The internet, for example, has provided access to a vast amount of data, that is also in constant growth. In other words, nowadays it is possible to continuously search and gather data, such that databases no longer need to be static entities. The fact that we can keep adding to a database has fostered novel methods for gathering, sorting and representing data that are in constant change. Also relevant are the kinds of content that this factor alone has opened up for examination, such as human interactions both in the physical and virtual worlds. The accessibility to large data sets has propelled the development of tools and methods aimed at managing, manipulating and analysing structured and unstructured data. If in the past it was possible to manually structure and visualize data in the form of information graphics, nowadays computation methods are intrinsic to how we deal with large volumes of data aimed both at examination and communication purposes. The term Big Data well expresses the state of the field and the challenges ahead of us.

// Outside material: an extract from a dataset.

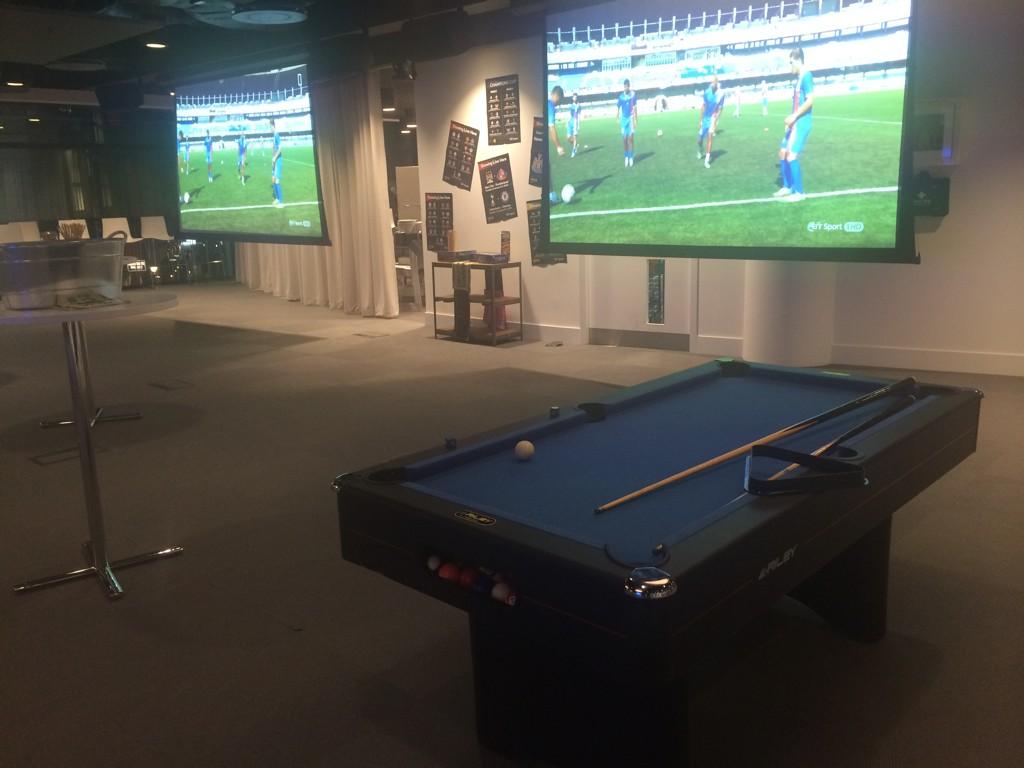 RebeccaW's tweet photo. Turned @TwitterUK into a pub #GSS2014 @JustEatMyTweet http://t.co/wMjIvtqCam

User-generated content The dissemination of social networks over the internet has transformed and impacted the way we communicate and interact in the ever-more connected global environment. We have been producing a vast amount of data that travels through the internet and can be easily accessed and extracted. A number of information visualizations have focused on examining online usergenerated content, data that would not exist if not for the digital environment in the first place. These projects tend to have databases of millions of data extracted from various online sources. Most projects tend to analyze the complexities of social interactions both in the virtual and physical contemporary spaces. A well-known example is the data visualization We Feel Fine developed by Jonathan Harris and Sep Kamvar and initiated in August 2005. The application looks for “human feelings” in weblogs by searching occurrences of the phrases “I feel” and “I am feeling” every few minutes. The result is a database of millions of entries, that, according to the authors, increases by 15,000 – 20,000 “new feelings” per day. 5 Images posted along with verbal information are saved as expressing the correspondent feelings. Also extracted are data related to age, gender, country, state, and city of the blog’s owner, the latter used to retrieve weather conditions together with the date of the posting. The same data is used as categories for interactive manipulation of the content. The data is computed statistically, including different ways one can examine this immense database (see figures 1-4).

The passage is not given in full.